___ Input data ___
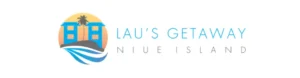 laus getaway Niue
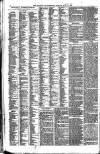 Liverpool Journal of Commerce Monday 12 May 1890 Page 6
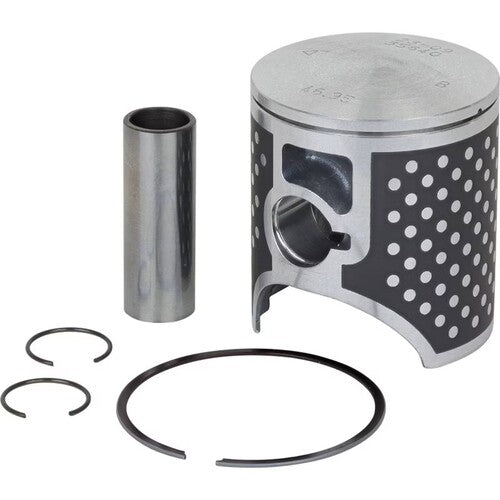 VERTEX Piston Kit - 24446B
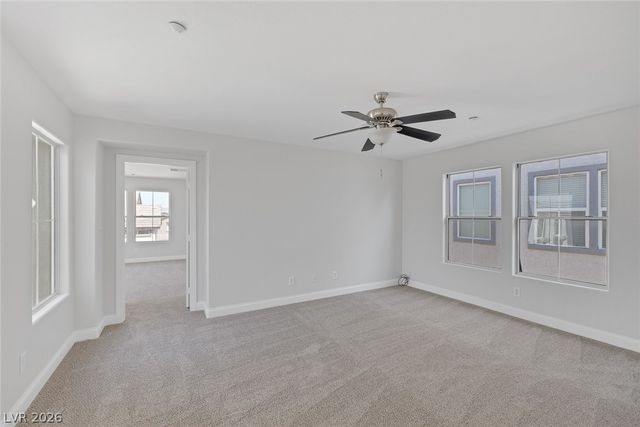 684 Moonlight Stroll Street, Henderson, NV 89002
___
When you retype the material above, keep every word exact and drop the images.

 laus getaway Niue
 Liverpool Journal of Commerce Monday 12 May 1890 Page 6
 VERTEX Piston Kit - 24446B
 684 Moonlight Stroll Street, Henderson, NV 89002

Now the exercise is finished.